How to measure DOOH effectiveness and not burn through your ad budget in 2026
DOOH advertising in 2026: why some businesses grow on it while others "burn" their ad budgets.
“We don’t know if this even works. We’re afraid of throwing money down the drain.”
You hear this phrase from almost every business putting together a media plan with street screens for the first time. And these doubts are partly justified. A billboard without a strategy really does feel like a lottery. You hang a banner by the road, wait for calls, no calls come — and the conclusion is ready: the channel is dead.
The problem isn’t the channel. The problem is the approach
Out-of-home advertising works in 2026. On one condition: when it’s treated as a system, not as a “board on the corner.” The moment you understand which format, in which location, and with which creative solves your specific task, the channel turns into one of the most predictable tools for growing awareness and offline sales. Below — how to do it without unnecessary spending.
First, the answer to the main question
A skeptic will say: people are used to banners and simply don’t notice them. The numbers say otherwise.
The Attention Dividend study, conducted by Lumen Research for media owner Ocean Outdoor in 2025, recorded a specific gap. Large-format digital out-of-home advertising (DOOH) on average receives 5.1 times more attention than online formats. And it holds the gaze significantly longer: 8.2 times longer than banners, 5.5 times longer than social media content, 1.6 times longer than online video.
Why is that? A screen on the street can’t be collapsed, blocked, or scrolled past. Contact happens at the moment a person is moving through the city and physically cannot “close the tab.” This is the channel’s main strength — inevitability.
Picture an ordinary morning. A person stands at a crossing, waiting for the green light. Phone in their pocket, traffic flowing around them. At that moment, the only screen in their field of view is your digital billboard across the street. There’s almost no competition for attention. Online, in that same second, dozens of tabs, stories, and notifications are fighting for it. On the street — none.

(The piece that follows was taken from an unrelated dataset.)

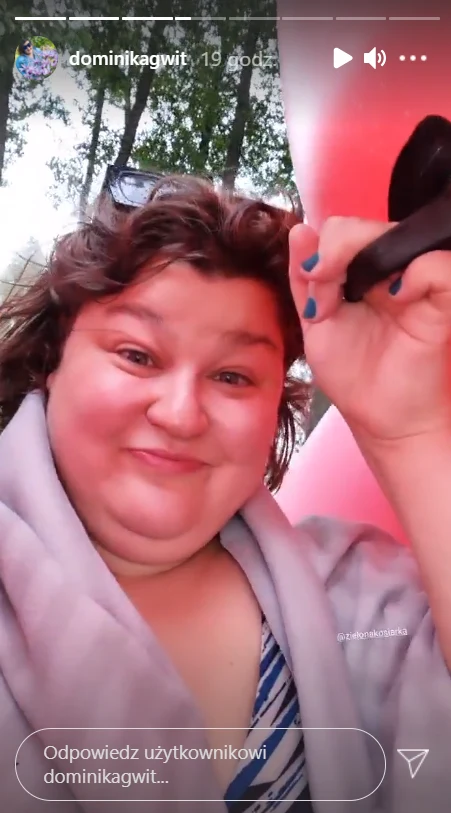 Dominika Gwit w stroju kąpielowym i z flamingiem /https://www.instagram.com/dominikagwit/ Dominika Gwit w stroju kąpielowym i z flamingiem /https://www.instagram.com/dominikagwit/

The same mechanic delivers a business result too. According to a survey by OAAA and The Harris Poll, 76% of people who recently saw DOOH advertising took some action afterward: visited a website, searched for the brand, visited a location. The channel isn’t just noticed. It nudges people into motion. And this isn’t a one-off spike of attention — it’s a systemic effect that accumulates from contact to contact.
How to choose a format and not overpay
This is where the real mistakes begin. A business chooses a format by size: “let’s go with the biggest one, it’ll definitely be seen.” The logic breaks against practice.
A format is chosen not by square meters, but by the contact scenario. Three questions to answer before booking:
Where the person will see the ad. A pedestrian by a storefront and a driver at 60 km/h are two different audiences with different perception times. The first has a few seconds and can step closer. The second has a second and a half and one attempt.
How much time they have. A public transport stop, an elevator, a queue at the checkout — that’s a long contact. Here a more complex message will work, a smaller font, even a QR code. A highway is a short contact. One image, one word, one logo.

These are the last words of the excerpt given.